He hoped to demonstrate how a communist country could benefit from opening its economy to both internal entrepreneurship and international commerce.

Vietnam, not so long ago a prototypical failed Marxist state, is awash in capitalism.

The streets of Hanoi, Ho Chi Minh City (formerly Saigon) and towns big and small throughout the country are a flowing marketplace packed with small vendors selling their wares.

Office towers bear the names of the world's largest corporations -- Unilever, Samsung, Microsoft, Coca Cola, and on and on.

Roads are jammed with scooters and American and Asian-badged cars and trucks, giving the city an urgent, busy feel. And what everybody seems to be busy doing is making money.

Vietnam now has the 47th largest economy in the world in terms of gross domestic roduct, and 35th in terms of spending power. It has become a hotspot in Asia for foreign investment, particularly in the luxury resort and hotel sector.

PricewaterhouseCoopers in 2017 named Vietnam as the fastest growing economy in the world, and predicted that by 2050 it would crack into the top 20 largest economies.

It wasn't always like this.

After the United States withdrew its support for South Vietnam in 1975 and it fell to the North, the victors imposed a traditional "from each, to each" communist economic system.

Industry was nationalized, private farms were replaced by collectives and planning was centralized under government authority. Food shortages were a fact of life. Birth rates soared because each new child brought in another bag of rice from the government.

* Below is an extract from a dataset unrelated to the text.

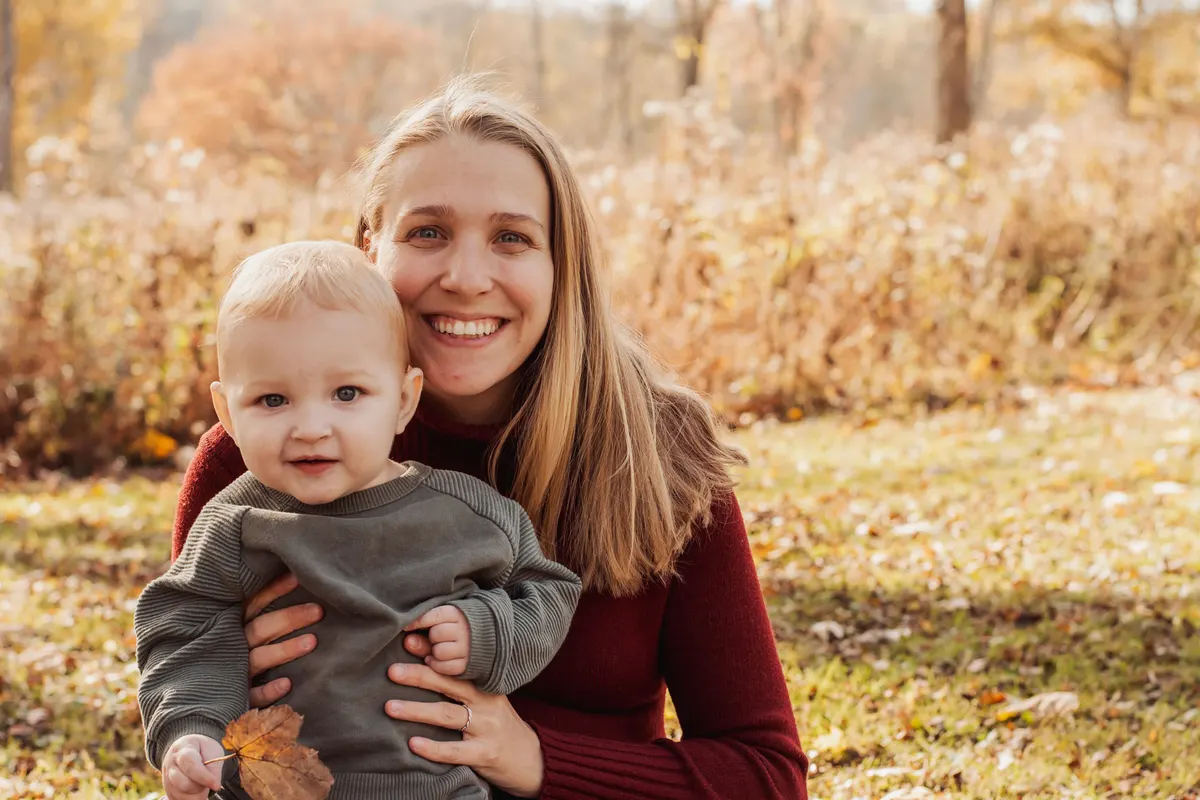 Mom holding her baby in fall light at South Park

Within a decade, a nation already ravaged by war faced economic collapse.

Our guide in Hanoi summed it up this way: "We all went to work at the same time, we all went home at the same time, and whether or not we produced, we all got paid the same.

"And we all starved. It didn't work."

It never does.

The centralized economy was replaced by a mixed system that still relies on central planning but also encourages private ownership and decision-making. The near monopoly trade relationship with the old Soviet Union was replaced by an aggressive pursuit of foreign partnerships.

Most of the economy is in private hands. Farmers regained control of their old lands and are making Vietnam a leading agricultural exporter.

That's not to say Vietnam is a happy blend of communism and capitalism. There is no such thing.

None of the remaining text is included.